If some people are dismissive of the importance of art, and hostile to it, it must be at least in part because they haven’t been exposed to art: they haven’t been allowed or haven’t allowed themselves the light-bulb experience. They don’t know what they’re missing. But in consequence, these same people are effectively working to deny the rest of us — anybody else, really — a light-bulb experience.

Those of us who believe in the importance of art are often frustrated by those who don’t. We keep looking for persuasive arguments, but we don’t find them, and they keep on, stubbornly cutting funding and lobbying against what is (if only they knew!) the essence of civilization.

When faced with someone like Sue Sylvester (in her anti-arts campaign for Congress, earlier this season on Glee), we tend to reasonable arguments: “Art is good for the economy! It enhances education! It’s even good for your health!”

These are not, of course, the reasons we like art, and very few of the anti-arts crusaders are reasonable people to begin with: our debates are doomed to failure. We can argue until we’re blue in the face. The trouble is, we’re basically recommending orgasms to people who never had sex.

Bosch’s Garden of Earthly Delights, at the Prado.

“You’ll like it,” we say. “It will bring you closer to other people. It requires a little effort sometimes, and you may feel a little self-conscious, but it’s totally worth it. Once you’ve had the experience, you’ll just want to keep doing it. Really, you’ll want it as often as you can get it.” And so on.

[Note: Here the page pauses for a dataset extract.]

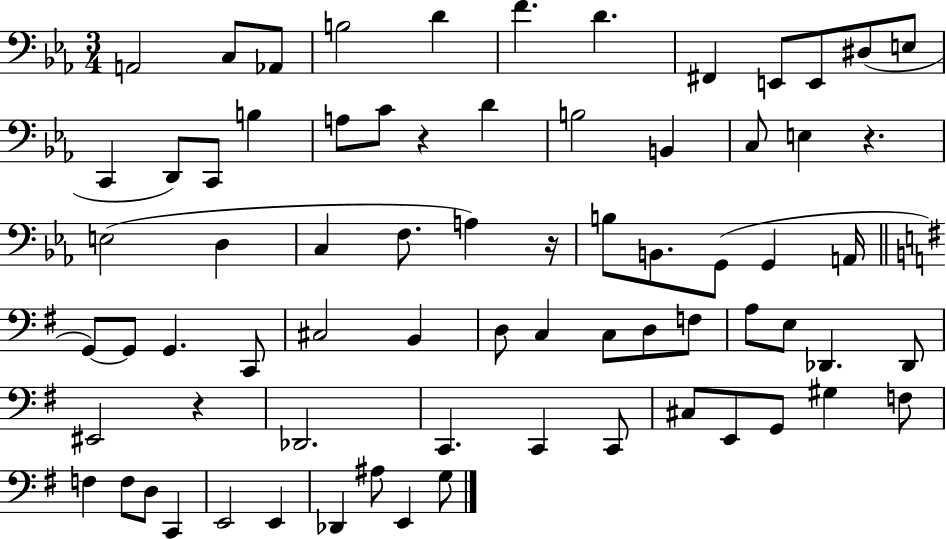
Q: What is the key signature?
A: EES major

Our opponents need light-bulb moments (or orgasms) of their own, but they’re unlikely to get any so long as they never set foot in a museum, a concert hall, or a theater. And meanwhile, they’re making it more difficult for anyone else to have a light-bulb moment.

The first time I heard an opera, I was on a school field trip. This required extra funding for elementary education, as well as funding and donations for the opera company itself. Take a look around and see how well those issues are faring in today’s political and economic climate.

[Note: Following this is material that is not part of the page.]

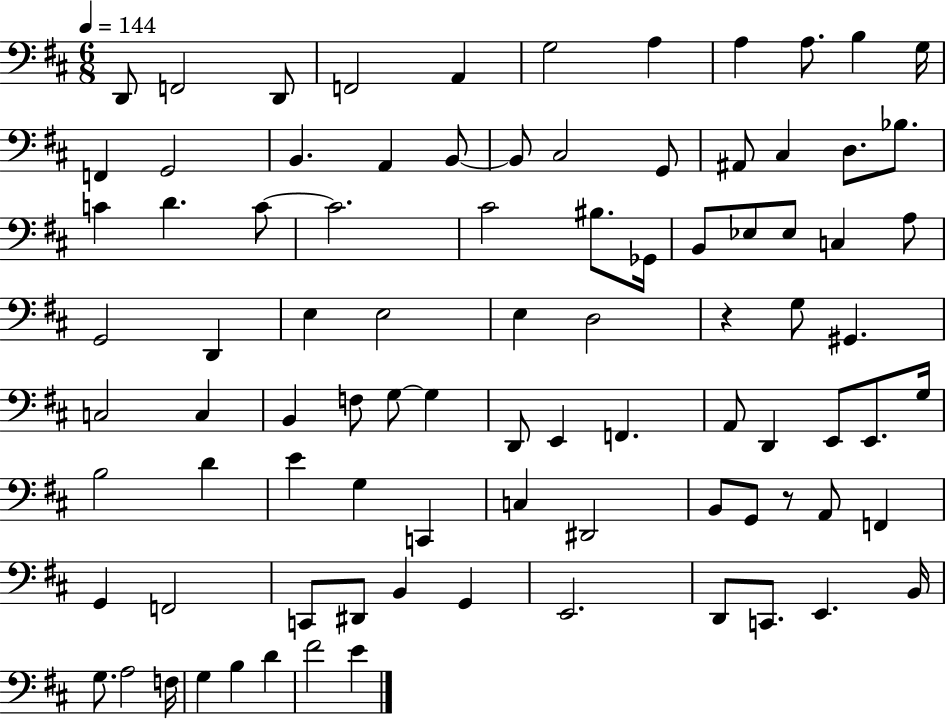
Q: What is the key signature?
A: D major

That doesn’t mean that we should stop advocating, and so I’m taking the opportunity today to say, “Brava,” to Susanne Mentzer, essayist.

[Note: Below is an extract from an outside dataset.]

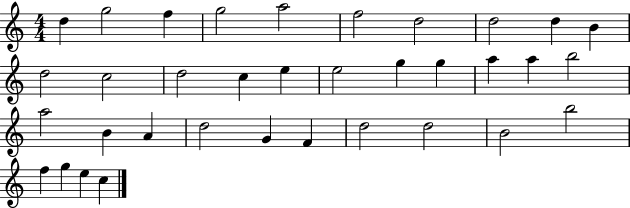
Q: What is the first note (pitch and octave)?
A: D5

In her essay, she says she’s not an art-museum person, and yet (for my money) her reactions to the art she saw were exactly right, original to her and yet in keeping with what the artists wanted. Her experience brought her into a community of men and women alive today, and long since passed away. (She was also able to express those reactions beautifully, and to share them with more people still.)

What happened to Susanne Mentzer in the Prado and afterward pretty much sums up why we need to support the arts. I’m grateful to her for sharing her feelings and ideas, and for making me think about my own.

The San Ildefonso Group, sometimes referred to as Orestes and Pylades, a gem of the Prado collections. Seeing it a few years ago, I was overwhelmed. But try explaining that to anybody else.

1 comment:

Elaine Fine said...

Thanks for this, Bill! I knew Suzanne when she was at Juilliard, and was as impressed with her mind as I was with her voice. I had no idea that she was writing for the Huffington Post (Michael and I have been avoiding that "publication" because of our mutual dislike of their methods). I'll have to make a period exception now.